Almond & Sunflower Seed Crusted Rainbow Trout with Dijon White Wine Sauce

INGREDIENTS
  • For the rainbow trout fillets:
  • 4 Riverence Rainbow Trout Natural Fillets, thawed
  • 2 teaspoons salt
  • 1 teaspoon ground black pepper
  • ½ cup slivered almonds, chopped fine
  • ½ cup sunflower seeds, chopped fine
  • 2 tablespoons extra virgin olive oil
  • For the Dijon white wine sauce:
  • 1 tablespoon butter
  • 2 tablespoons shallots, finely diced
  • ¼ cup white wine
  • 1 teaspoon Dijon mustard
  • 1 cup heavy cream (stock or water can be used, but use only ¼ cup)
  • Salt and pepper to taste
DIRECTIONS
  1. To crush the almonds and seeds, place them in a sealable plastic bag. Press the air out of the bag and lay it on a cutting board or other durable surface. Spread the nuts out in a layer. You can either pound them with a meat tenderizer or roll them with a rolling pin. Do so until the almonds and seeds are ground finely.
  2. Season trout fillets with salt and pepper.
  3. Combine almonds and sunflower seeds on a plate and press the flesh side of the trout into the mixture.
  4. Heat a pan on medium-high heat and add olive oil.
  5. Add the fish fillets into the hot pan with the coating side facing down.
  6. Cook for 4 minutes or until coating is toasty and nicely browned. Turn over and cook for an additional 4 minutes.
  7. You’ll be able to determine if the fish is done by pressing the flesh with the fork. If it flakes easily then it’s ready to eat.

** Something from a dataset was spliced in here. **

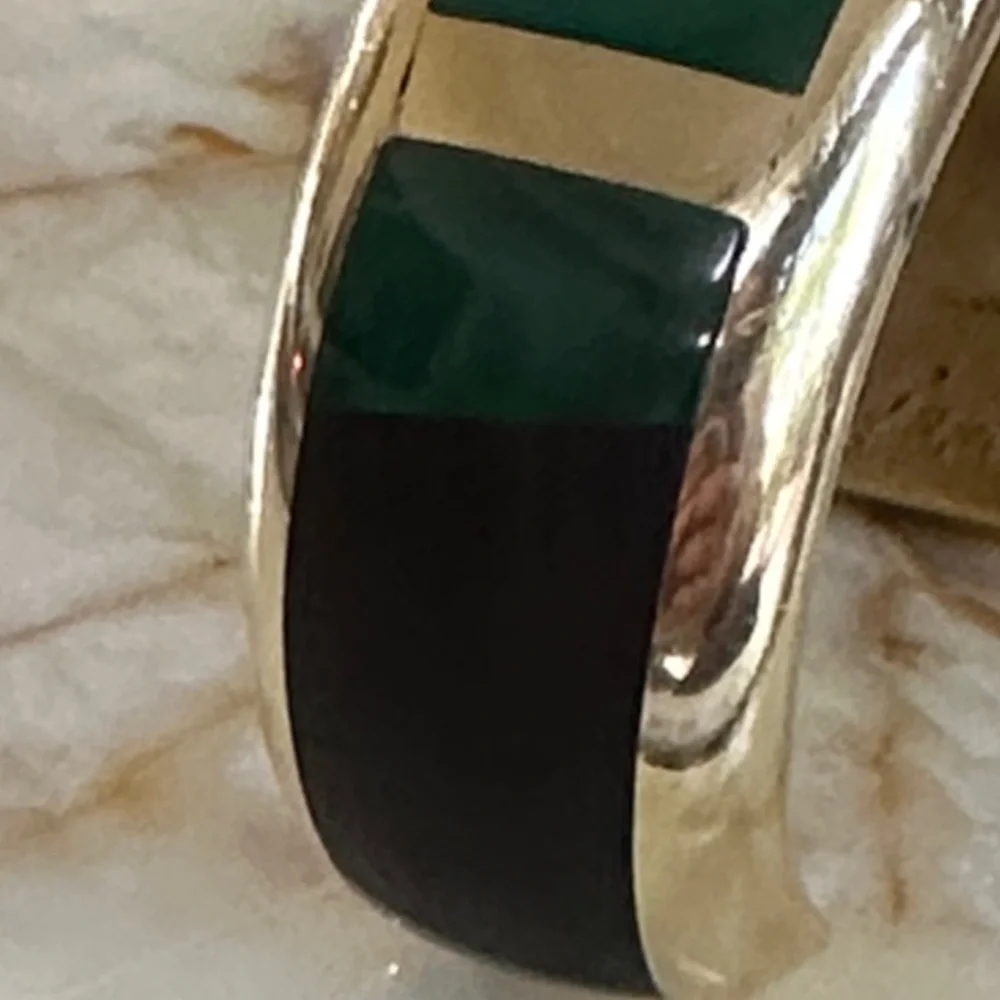 Gold-Tone Bracelet with Emerald Green Inlay - Women Jewelry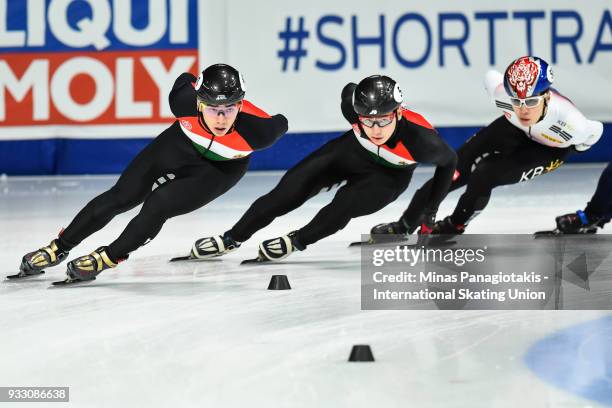 Shaolin Sandor Liu of Hungary takes the lead over his teammate Shaoang Liu of Hungary in the men's 1500 meter semifinals during the World Short Track...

For the Dijon white wine sauce:

  1. In another pan on medium-high heat, melt the butter. Add shallots, sautéing until translucent.
  2. Add the wine and cook until wine is reduced.
  3. Add mustard and cream and bring to a boil. Stir until thick and creamy.
  4. Salt and pepper to taste. Drizzle over Almond and Sunflower Seed Crusted Rainbow Trout.